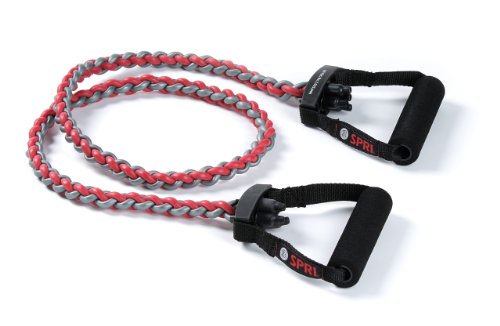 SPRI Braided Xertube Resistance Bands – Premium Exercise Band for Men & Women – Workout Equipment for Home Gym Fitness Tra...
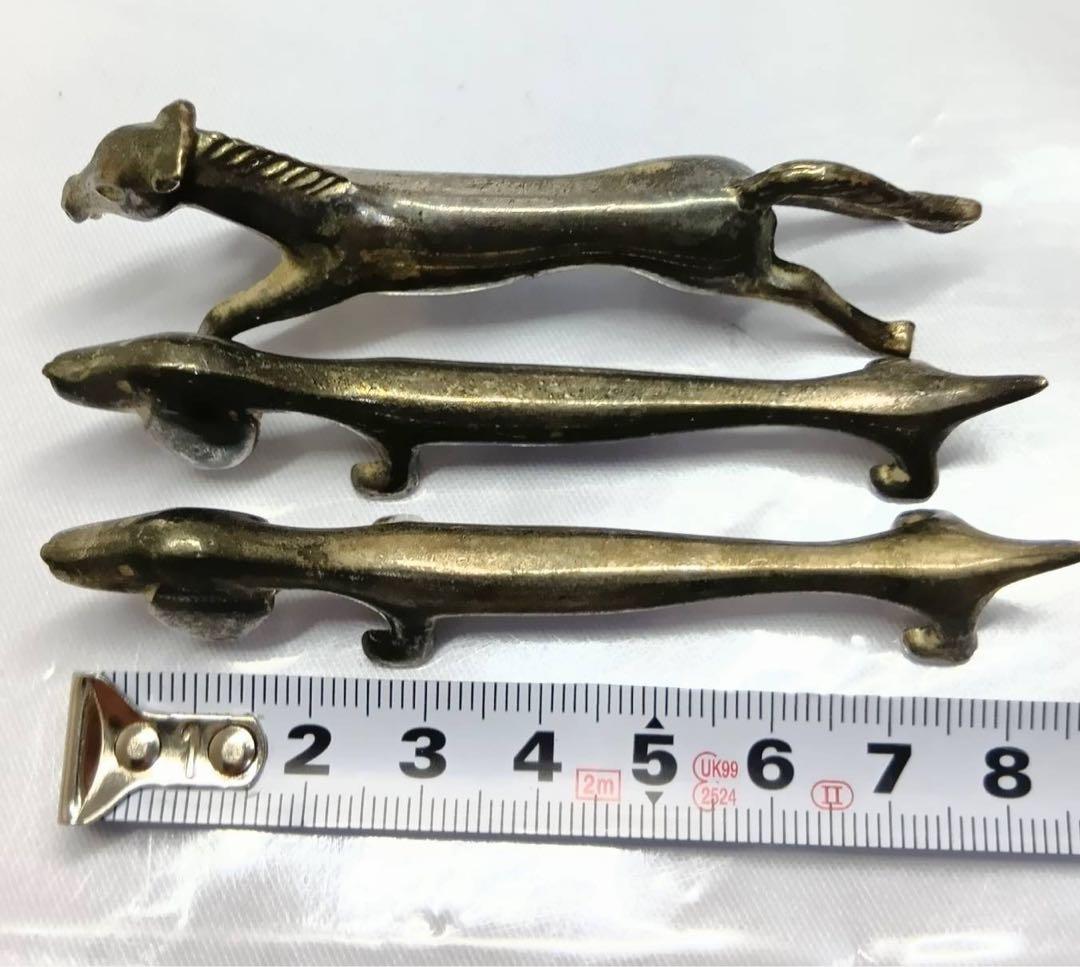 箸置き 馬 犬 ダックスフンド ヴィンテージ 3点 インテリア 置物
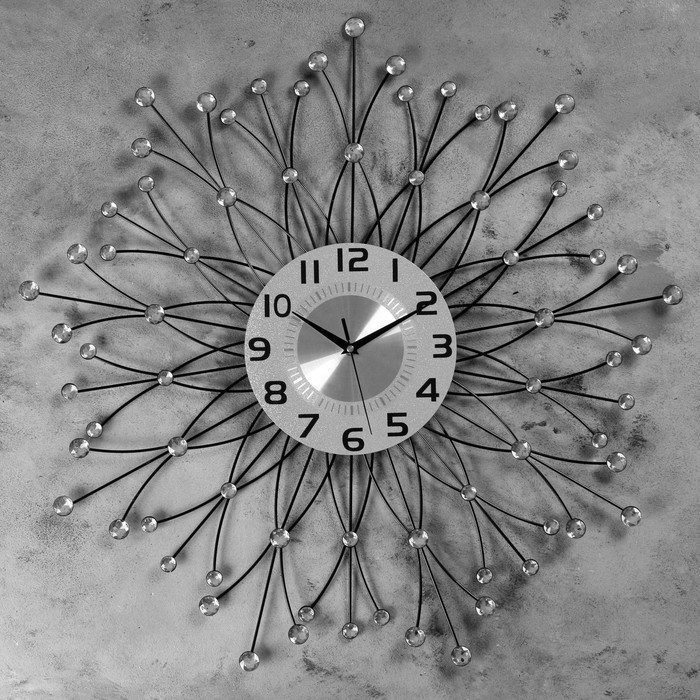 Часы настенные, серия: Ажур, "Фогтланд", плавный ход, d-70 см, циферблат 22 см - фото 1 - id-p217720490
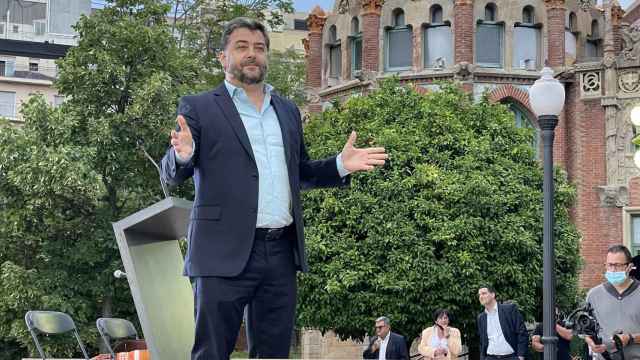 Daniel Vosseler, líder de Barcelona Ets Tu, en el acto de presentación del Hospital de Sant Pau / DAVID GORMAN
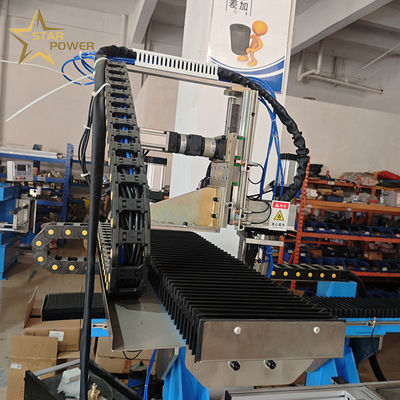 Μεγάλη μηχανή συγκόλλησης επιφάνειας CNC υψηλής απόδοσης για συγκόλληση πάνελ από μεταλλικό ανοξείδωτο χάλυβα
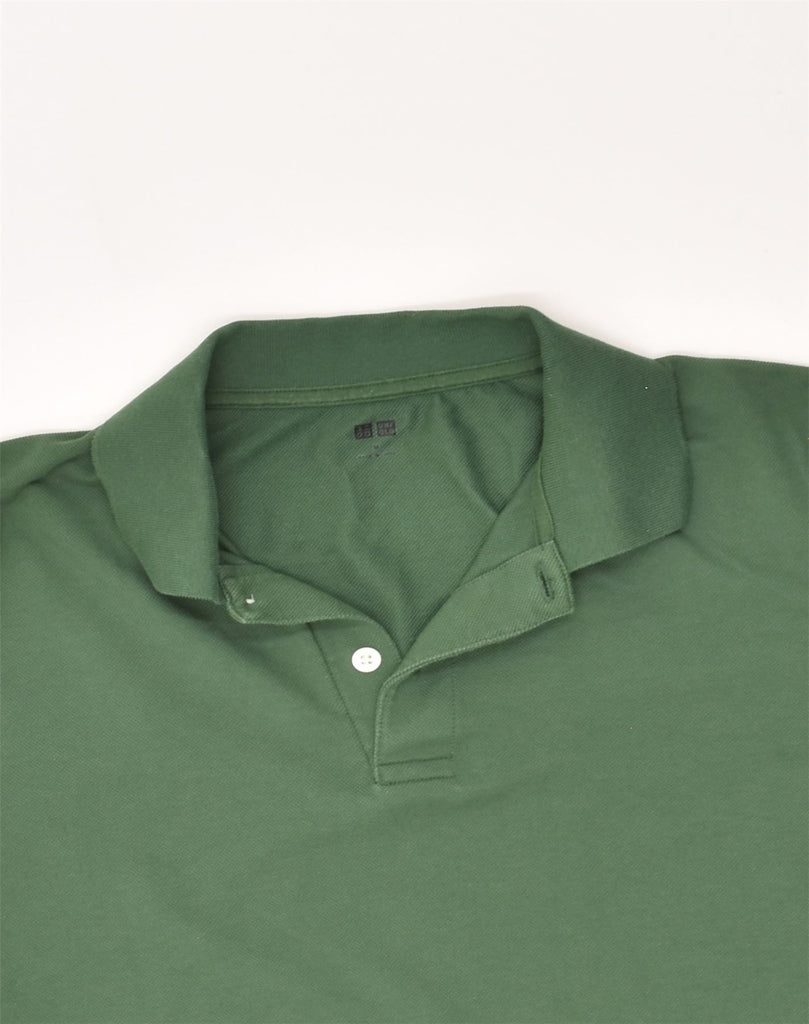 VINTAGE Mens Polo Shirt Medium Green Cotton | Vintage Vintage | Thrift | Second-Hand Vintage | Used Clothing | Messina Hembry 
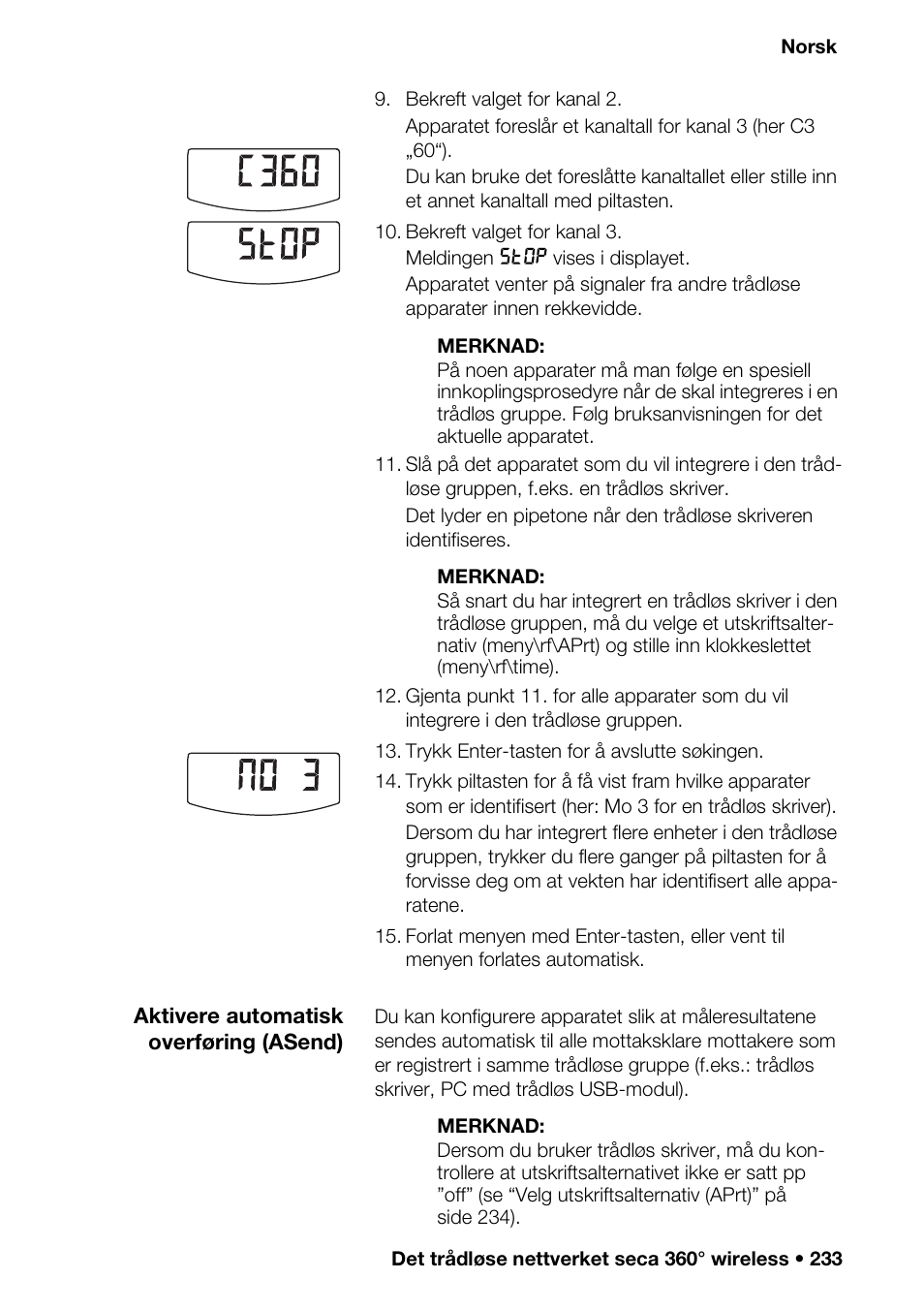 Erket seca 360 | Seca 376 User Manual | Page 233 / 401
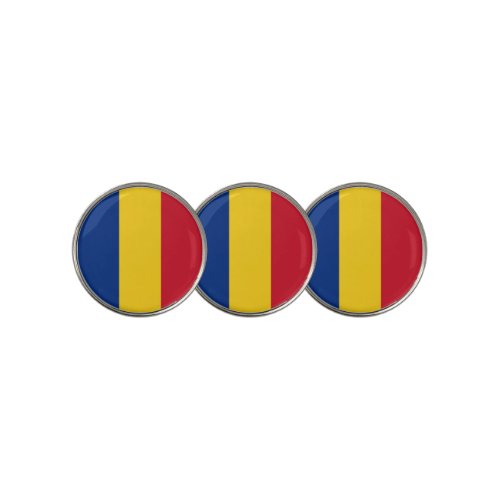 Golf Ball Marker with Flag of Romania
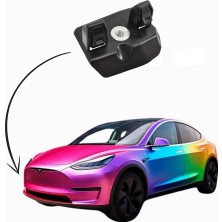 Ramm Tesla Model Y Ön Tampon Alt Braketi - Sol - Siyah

### EXERCISE DESCRIPTION
Reproduce only the lines from the line that holds "Μεγάλη μηχανή συγκόλλησης" through the end of the records, exactly as they stand, both ends included and pictures excluded.

### SOLUTION TO THIS EXERCISE
 Μεγάλη μηχανή συγκόλλησης επιφάνειας CNC υψηλής απόδοσης για συγκόλληση πάνελ από μεταλλικό ανοξείδωτο χάλυβα
 VINTAGE Mens Polo Shirt Medium Green Cotton | Vintage Vintage | Thrift | Second-Hand Vintage | Used Clothing | Messina Hembry 
 Erket seca 360 | Seca 376 User Manual | Page 233 / 401
 Golf Ball Marker with Flag of Romania
 Ramm Tesla Model Y Ön Tampon Alt Braketi - Sol - Siyah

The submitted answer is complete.